Work instruction:
Ignoring every picture, transcribe the data in full as it stands.
:: Data shown ::
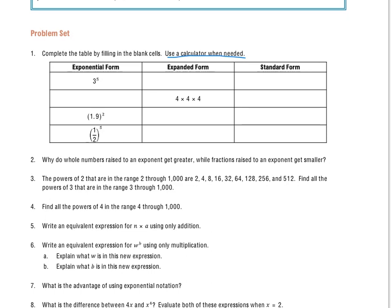Exponential form just means there's going to be an exponent shown. If we look at 3 to the 5th power, or 3 to the power of 5, there's an exponent there. Expanded form is just writing the exponential form out to show what problem we are going to be solving — it's going to be an expression in this case. I have a base of 3 and an exponent of 5, meaning I'm going to multiply 3 by itself 5 times. Notice it's multiplication and not addition — that's what the exponent is telling us.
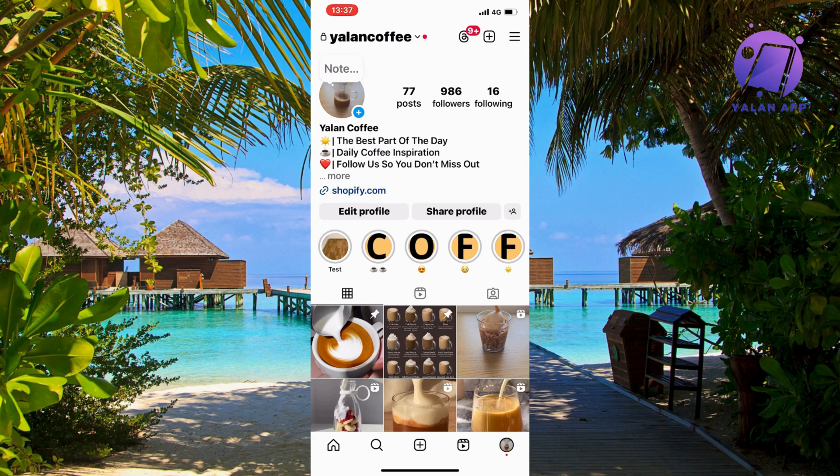If it's still not working, it might actually be an Instagram problem on their end. So if you've tried everything shown here and it still isn't working, you may need to wait a couple of hours and then it should be fixed. That is basically exactly how you can fix the Instagram late notification problem.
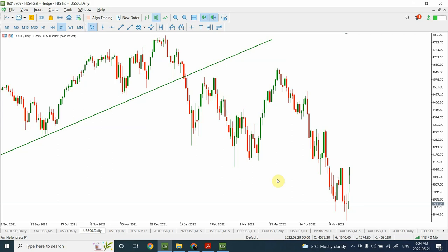Some very nice pullbacks are occurring and we are at very nice opportunities, so we'll discuss them one by one. My style of analysis is to identify the larger trend and then identify the corrective pattern within that larger trend. Once the price has pulled back within the major trend, we can enter the trade and join the trend. I normally recommend not trading against the market.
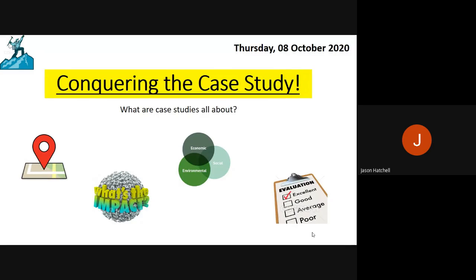Hello Year 11 and welcome to a session on conquering the case study. Throughout your eight topics of the GCSE you have lots of examples, and then for each topic you have some case studies. This session will be on how you conquer those case studies and how you use them effectively in your exam answers.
:::
Your response:
Exponential form just means there's going to be an exponent shown. If we look at 3 to the 5th power, or 3 to the power of 5, there's an exponent there. Expanded form is just writing the exponential form out to show what problem we are going to be solving — it's going to be an expression in this case. I have a base of 3 and an exponent of 5, meaning I'm going to multiply 3 by itself 5 times. Notice it's multiplication and not addition — that's what the exponent is telling us.
If it's still not working, it might actually be an Instagram problem on their end. So if you've tried everything shown here and it still isn't working, you may need to wait a couple of hours and then it should be fixed. That is basically exactly how you can fix the Instagram late notification problem.
Some very nice pullbacks are occurring and we are at very nice opportunities, so we'll discuss them one by one. My style of analysis is to identify the larger trend and then identify the corrective pattern within that larger trend. Once the price has pulled back within the major trend, we can enter the trade and join the trend. I normally recommend not trading against the market.
Hello Year 11 and welcome to a session on conquering the case study. Throughout your eight topics of the GCSE you have lots of examples, and then for each topic you have some case studies. This session will be on how you conquer those case studies and how you use them effectively in your exam answers.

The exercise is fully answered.